Dai suoi libri emerge l’importanza del dialogo come strumento di conoscenza ed interazione tra il lettore ed il personaggio. Dalla sua scrittura trae valore l’universo femminile e l’attenzione per il mito e la storia, riportata ai nostri tempi. L’autrice di “Tabù” (Homo Scrivens), “Noi due punto zero” (Homo Scrivens), “Lilith” (Homo Scrivens) e “Storia pettegola di Napoli” (Newton Compton editori), rivela il segreto della sua scrittura di successo, basata sullo sviluppo dell’Interiologia.

Chiara, l’Interiologia è una tecnica spirituale di cui fai largo uso nei tuoi libri. Come si crea una connessione tra Innerself approach e pratica creativa?

Si crea mettendo a fuoco la creatività che fa leva sul pensiero laterale. Si ricorre ad esempio alla tecnica dei sei cappelli del pensare, che io applico sempre alla scrittura e che permette di farci scivolare moralmente nell’ideologico mantenendo lo sguardo sull’interiorità. Il primo cappello a cui si fa riferimento è neutrale, ossia il bianco, che ci mostra il possibile senza il lato emozionale; il secondo è un cappello rosso, prettamente emotivo che evidenzia la parte delle emozioni portata all’eccesso; il terzo il cappello nero, invece, tende a mostrare le cose negative; il quarto, il cappello verde pone in risalto la speranza dell’azione narrativa destrutturando il pensiero monolitico e poi cerco di percepire attraverso l’attenzione, di sentire il mio corpo, arrivando fino in fondo a me. Con il cappello giallo applico poi il pensiero positivo per vedere possibilità dove sembra non ci siano, mentre con il cappello blu arrivo all’autocontrollo in sequenza, scandagliando le alternative di azioni e reazioni.

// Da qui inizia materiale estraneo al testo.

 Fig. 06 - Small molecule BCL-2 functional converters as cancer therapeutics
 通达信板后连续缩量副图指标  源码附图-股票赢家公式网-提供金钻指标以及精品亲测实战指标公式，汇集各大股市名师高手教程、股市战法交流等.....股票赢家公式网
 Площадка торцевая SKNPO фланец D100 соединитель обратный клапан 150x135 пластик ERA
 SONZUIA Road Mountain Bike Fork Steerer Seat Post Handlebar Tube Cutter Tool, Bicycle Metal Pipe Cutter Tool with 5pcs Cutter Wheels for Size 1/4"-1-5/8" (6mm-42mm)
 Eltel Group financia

In che modo questa tecnica può essere adoperata per mettere in luce i personaggi di una storia?

I personaggi di cui parlo nei miei libri attraverso la personalizzazione, mi permettono di sentire dentro ciascuno di loro. Praticamente, mi metto in ascolto delle loro azioni vivendole a livello sia storico che corporeo; cerco un piccolo spazio di risonanza attraverso il quale riportare le loro vite a me e lo faccio tenendo conto dei sentimenti universali, delle categorie di pensiero universali che tento di trasportare, rispetto alla dimensione storica, in una visualizzazione obiettiva e creativa, letta nella regressione non solo dello spazio, ma anche dell’immaginazione.

-Il tuo metodo introspettivo diventa un progetto culturale per i giovani. Perchè chiamarlo Agorà?

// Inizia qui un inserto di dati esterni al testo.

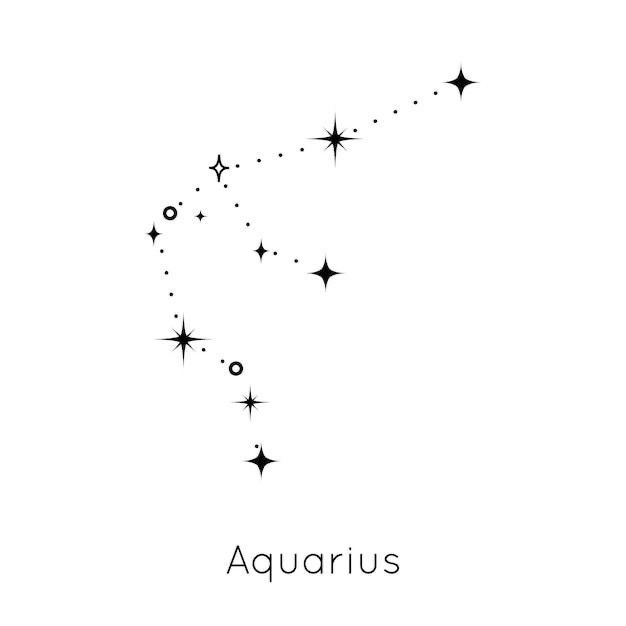 Aquarius Sign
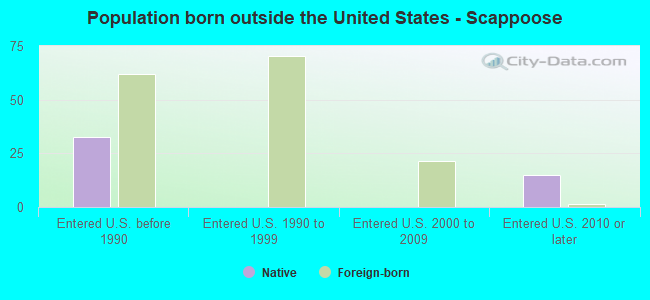 Population born outside the United States - Scappoose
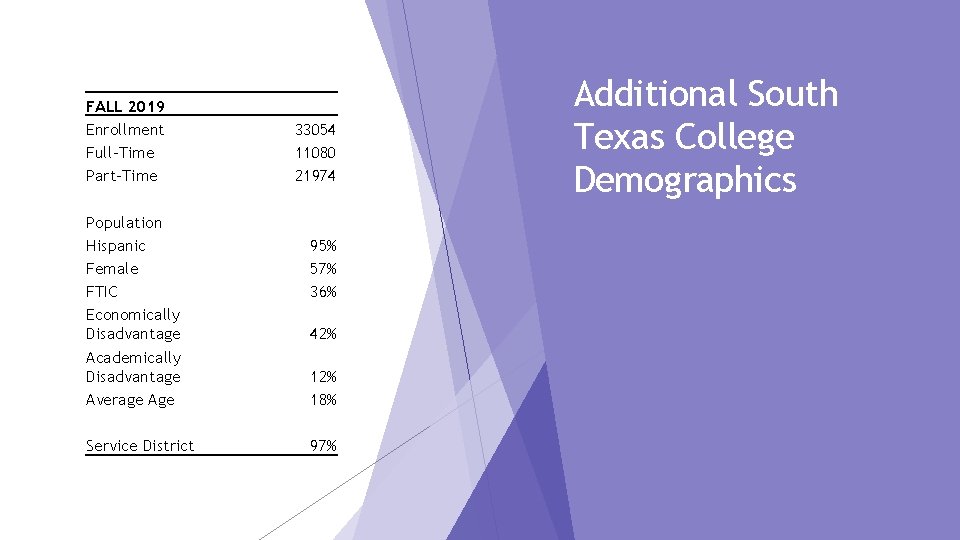 FALL 2019 Enrollment Full-Time Part-Time Population Hispanic Female FTIC Economically Disadvantage Academically Disadvantage Average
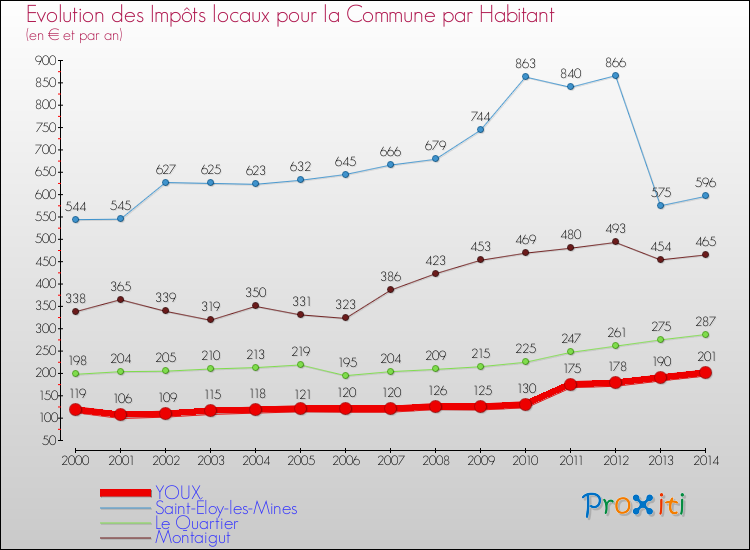 Evolution et montant des impôts locaux par Habitant pour YOUX et les communes proches de 2000 à 2014 Comparaison des impôts locaux par habitant pour YOUX et les communes voisines de 2000 à 2014
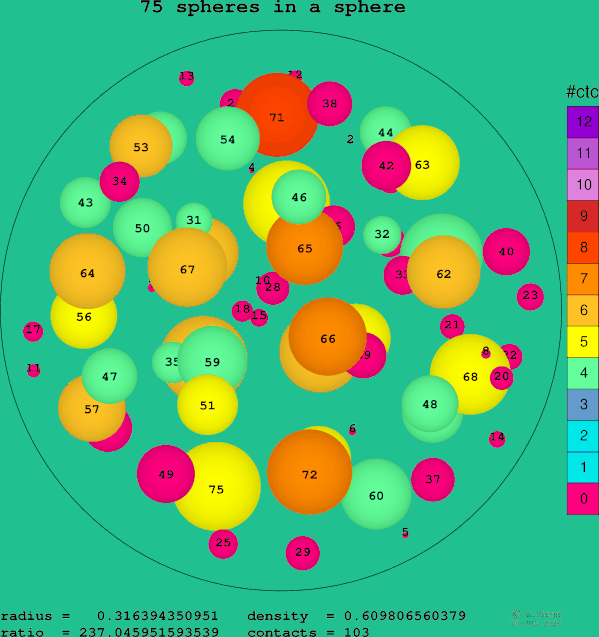 75 spheres in a sphere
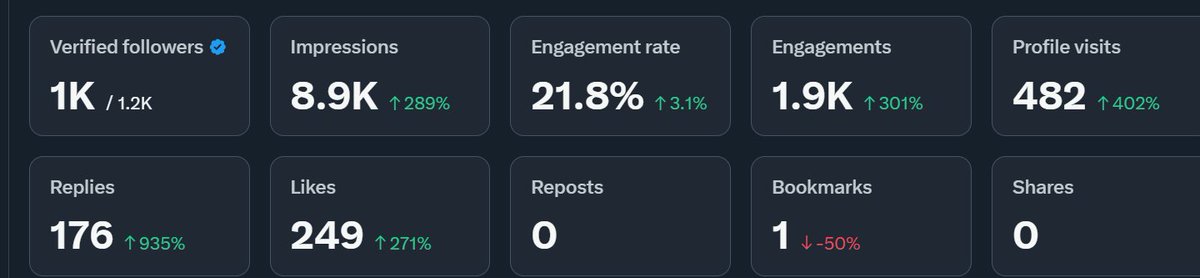 LINFUSDT's tweet image. 感谢各位！！真的需要庆祝一下！！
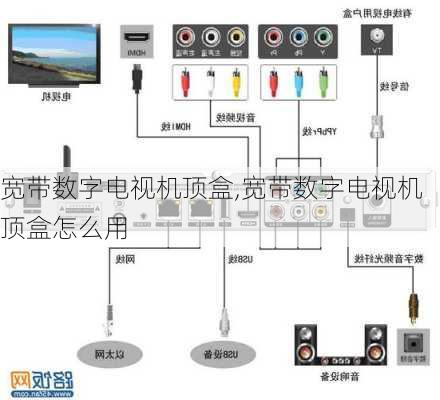 宽带数字电视机顶盒,宽带数字电视机顶盒怎么用-第3张图片-求稳装修网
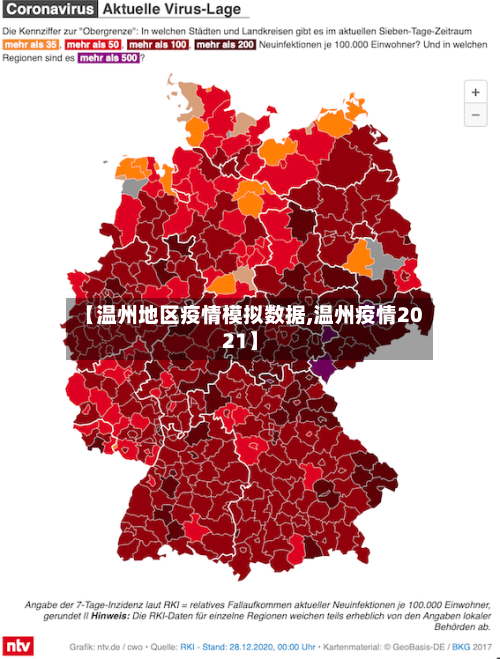 【温州地区疫情模拟数据,温州疫情2021】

Agorà è nato a causa della virtualità esponenziale in cui vivono i ragazzi di oggi e che li sta portando ad una idealizzazione estrema del sé; cosa che spesso può produrre violenza. Siamo precipitati in un’arena con leoni da tastiera, per questo resta indispensabile uscire dall’arena da cui si rischia di essere inghiottiti, per ritornare alla cura della condivisione.

Viviamo in un mondo liquido che ci porta alla frantumazione dell’identità. Cerchiamo immagini di autorappresentazione per dire che l’io esiste e l’altro ha il potere di cancellarci. La possibilità che esista un dentro diverso da me la sentiamo pertanto minacciosa. Questo è quello che ci propina la logica contemporanea ed io volevo fare, in controtendenza, incontri di allenamento all’agorà. Desideravo che ci si decentrasse dall’isolamento attraverso un progetto pensato per le scuole, realizzato in collaborazione con la casa editrice Homo scrivens e con la libreria Io ci sto. In questa iniziativa si prevedrà un’area tematica con dibattito diviso per incontri su un libro e dunque su un personaggio. Si individueranno due posizioni diverse, sulle quali poi attraverso l’ironia, si cercherà di disidentificare l’io e l’egocentrismo, smontando la propria convinzione. L’ironia, per dirla alla Corrado Guzzanti, presenta il mio punto di vista in un altro mondo e resta indispensabile per avere una lettura di sè e dell’altro completa. Ho previsto in questo progetto anche l’angolo dei sofisti con due opinioni di scontro, al punto che ognuno entra poi nella tesi dell’altro difendendola fino a un momento di ritorno al pensiero di insieme, che avviene attraverso il silenzio. Alla fine poi c’è l’integrazione del pensiero dell’altro, che non sarà retorica ma integrazione fatta di azioni ed allenamentoall’elaborazione di una tesi.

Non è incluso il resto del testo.